Networks of Causal Abstractions: A Sheaf-theoretic Framework

arXiv:2509.25236v3 Announce Type: replace Abstract: A core challenge in causal artificial intelligence is the principled coordination of multiple, imperfect, and subjective causal perspectives arising from distributed agents with limited and heterogeneous access to the environment. This problem has received little formal treatment, as the existing framework assumes a single shared global causal model. This work introduces the causal abstraction network (CAN), a general sheaf-theoretic framework for representing, learning, and reasoning across collections of mixture of causal models (MCMs) - a class that unifies several existing models of context-dependent causal mechanisms. Sheaf theory provides a natural foundation for this task, offering a rigorous framework to coherently align distributed causal knowledge without requiring explicit causal graphs, functional mechanisms, interventional data, or jointly sampled observations.
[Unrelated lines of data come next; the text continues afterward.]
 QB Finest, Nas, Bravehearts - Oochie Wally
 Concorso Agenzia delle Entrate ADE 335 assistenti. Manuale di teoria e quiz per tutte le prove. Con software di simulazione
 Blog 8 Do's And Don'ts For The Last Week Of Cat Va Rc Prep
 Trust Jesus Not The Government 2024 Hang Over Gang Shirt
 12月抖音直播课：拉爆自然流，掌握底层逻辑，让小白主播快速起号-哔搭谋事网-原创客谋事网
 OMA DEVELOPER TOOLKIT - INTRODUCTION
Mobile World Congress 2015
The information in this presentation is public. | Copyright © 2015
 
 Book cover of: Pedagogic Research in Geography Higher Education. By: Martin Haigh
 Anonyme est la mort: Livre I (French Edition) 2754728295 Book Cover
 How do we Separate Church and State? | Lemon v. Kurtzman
At the theoretical level, we provide a categorical formulation of MCMs and characterize key properties of CANs, including consistency and smoothness. Under consistency, we establish necessary and sufficient conditions: (i) for the existence of global sections, linked to spectral properties of an associated connection Laplacian; and (ii) for the convergence of causal knowledge diffusion over the CAN to the space of global sections. At the methodological level, we exploit the compositionality of causal abstractions to decompose the learning of consistent CANs into local problems on network edges, extending our prior work on Gaussian variables to Gaussian mixtures via the proposed MIXTURE-CALSEP algorithm. We validate the framework on synthetic data and through a financial application involving a multi-agent trading system, demonstrating CAN recovery, CAN-based portfolio optimization, and counterfactual reasoning.